Here’s how the system is designed to work: you get what you want, legislatively, when you can muster the votes in Congress. You get the votes by horse-trading and haggling. If, at the end of the day, you don’t get the votes, you don’t get what you want. It’s that fucking simple.  

Now, though, there’s a third way. If you’ve failed to advance your agenda by way of the Constitutional machinery, you can simply stamp your little feet, refuse to play ball, and grind the whole governmental machine to a halt. Honestly, this isn’t just wrong, it’s ludicrous. It’s nothing but extra-legal duress, slipping through one of the Constitution’s cracks. It’s public policy by hostage negotiation, and it’s gotten out of hand.

The Constitution, sadly if predictably, has no express remedy for this. The bright boys in the silk breeches and tri-corn hats provided a President with two options when a bill lands on his desk, and two only: sign it, or veto it and chance a Congressional override. It clearly never occurred to the Framers that the President might instead do nothing at all, a stance that only works because, again unfathomably, he can get his lapdogs in Congress to go along with him by refusing to send him anything to sign or veto. Exploiting this sort of loophole has become a Mitch McConnell trademark – the reader will recall how he leveraged a conceptually similar constitutional hole during the last year of the Obama administration. It had likewise never crossed the Framers’ minds that if a vacancy opened up on the Supreme Court, the Senate would neither advise, nor consent, nor even refuse to consent to a President’s nominee, but would instead decline to do anything at all until the Senate Majority Leader got a new President more to his liking.

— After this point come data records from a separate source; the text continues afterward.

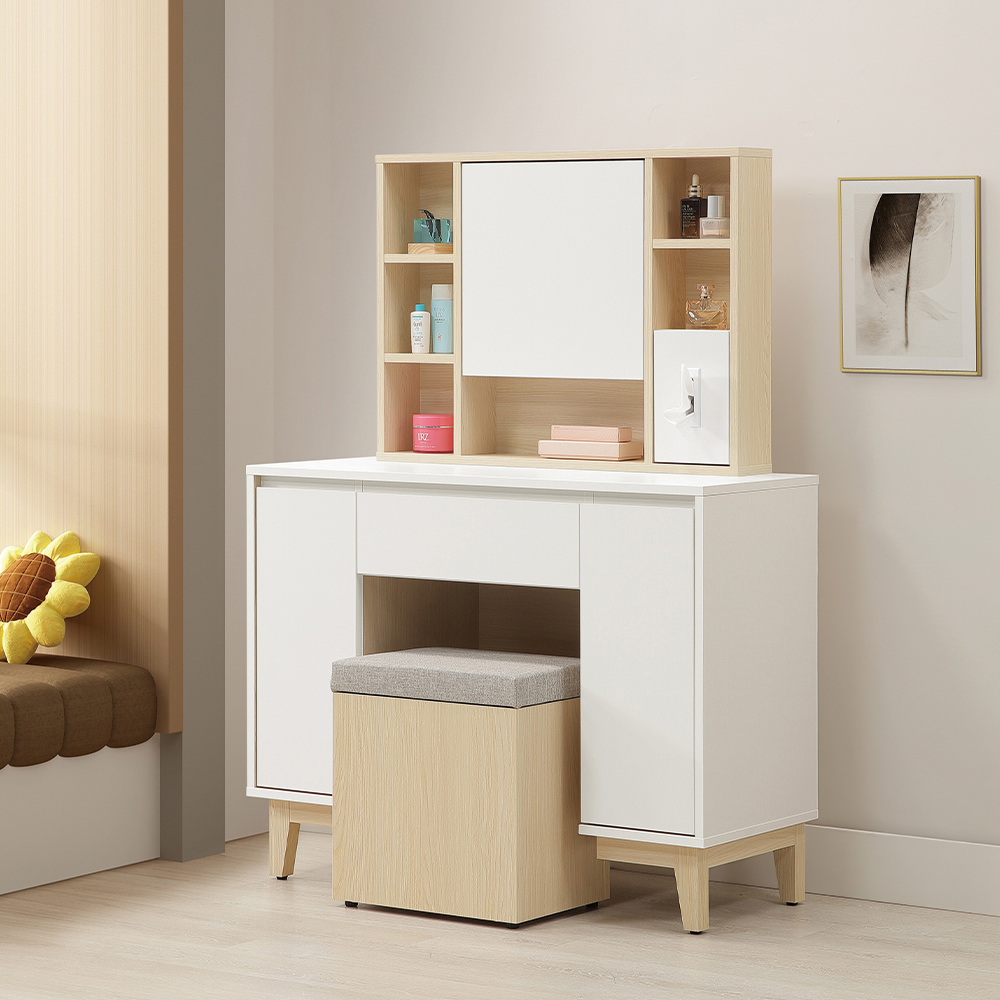 【唯熙傢俱】羅伊原木雙色3.3尺化妝台, , large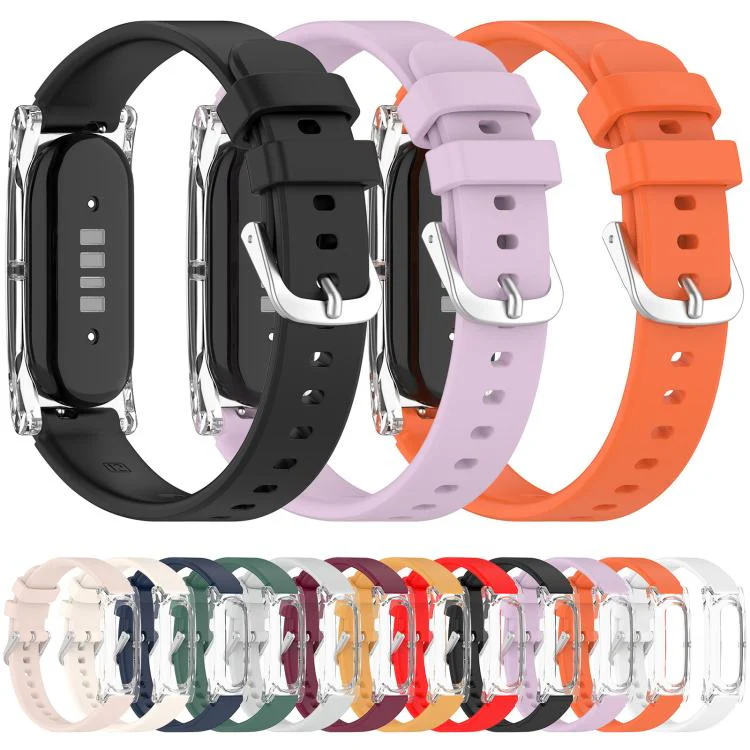 For Google Fitbit Air xDfind Spring Bar Style Clear Watch Case and Silicone Watch Band(Purple) - Image 6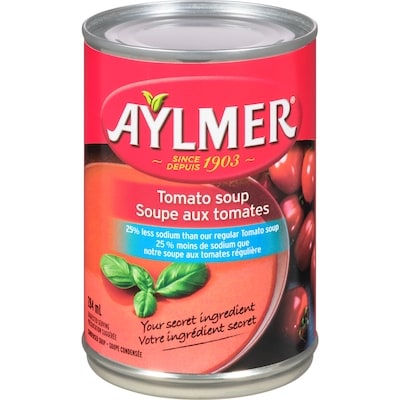 Aylmer Soup Tomato Reduced Sodium 284 ml, $0.31/100ml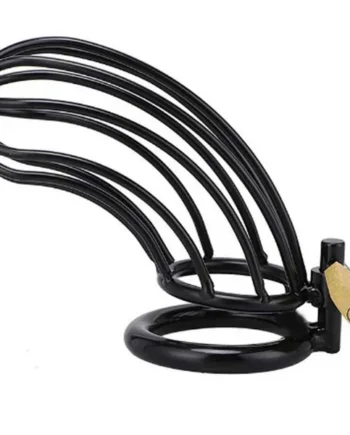 Metal hard cock bird cage chastity black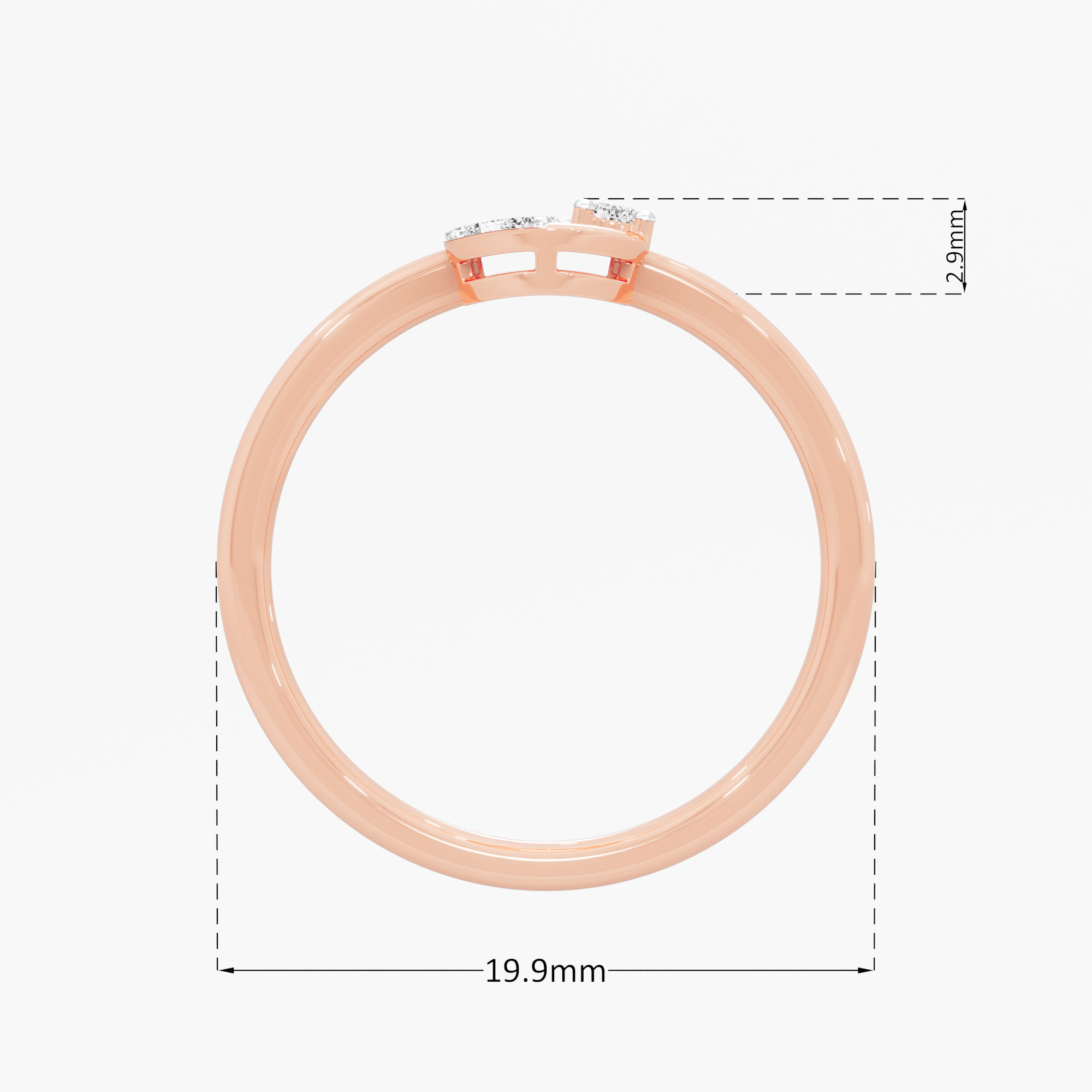 Azure Bloom Bypass Ring in 9KT Rose Gold (Diamond Quality: FG-VVS VS)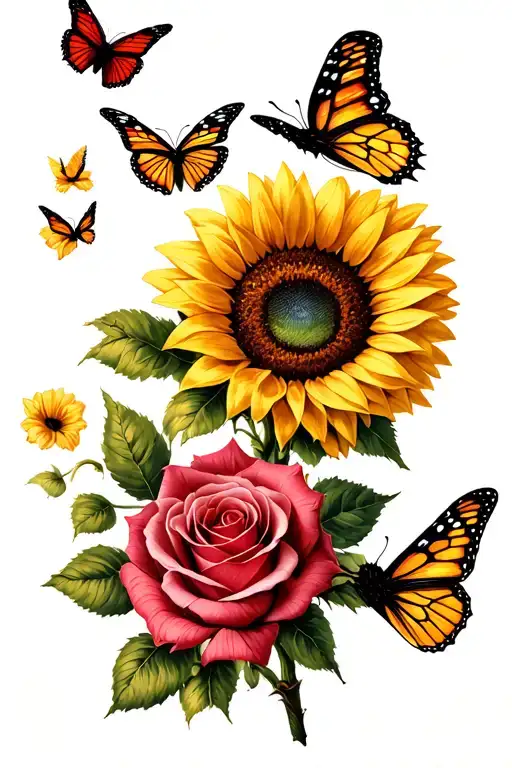Realistic Roses With Sunflower And Butterflies Flying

Thus it comes down to brinksmanship, and if the Democrats fold here, the whole system could collapse. This is why Pelosi and the Democrats simply cannot, under any circumstances, give in to Trump’s extortion, however pitiable the situation becomes for the Federal workers who’ve found themselves in the unlucky role of pawns in this wholly unnecessary dispute. They can’t. They mustn’t. If Trump wins this fight, he’ll resort to extortion the next time, and the next, whether it’s over the wall, or defunding Planned Parenthood, or the debt ceiling, or the defence budget. The Constitution’s legislative process could cease to be relevant, and the whole of government could devolve into a game of votes, schmotes, now gimme what I want or else. Any time Congress lacks the unity needed for both chambers to work together to force the matter with veto-proof majorities, the country would be ungovernable, or simply become a tyranny in which the President called the tune no matter the legislative outcome.

I guarantee you, this is not what Jefferson, Madison et al. had in mind.

As I write this, Trump has just announced – on Twitter, of course – that he will make a special announcement concerning the shutdown at 3PM Saturday. Maybe he’s going to declare his oft-threatened state of emergency, and escape his own trap by bailing it to the courts. Maybe, if there’s a just God, he’s going to cave, though he could fall short of that and offer a face-saving deal that to him amounts to the same thing, which has to be a non-starter; the Democrats are insisting that there can be no negotiation until government is reopened first, unconditionally, which is the principled stand they have to take. Since it’s Trump, it’s possible it will just be another rant. Or maybe on Monday 800,000 US Federal employees can get back to work, and collect what’s for many of them their desperately needed back pay.

He could issue an apology and beg the country’s forgiveness, too, I suppose. I don’t care if he drops his pants and dances, this affair has been an utter disgrace and nothing, now, can redeem it, or the sad, shabby imitation of a President who made it happen.

Update: He didn’t cave. He proposed a deal, but one that offered only limited concessions, including a merely temporary reinstatement of the DACA regime he himself abolished, while still insisting on his wall funding. In other words, I’ll partly fix what I broke in the first place, but give me what I want. Curiously, he never mentioned the shutdown. Politically, the ball may be back in Pelosi’s court, but I hope she continues to hold firm. Any deal made to end the shutdown rewards hostage taking.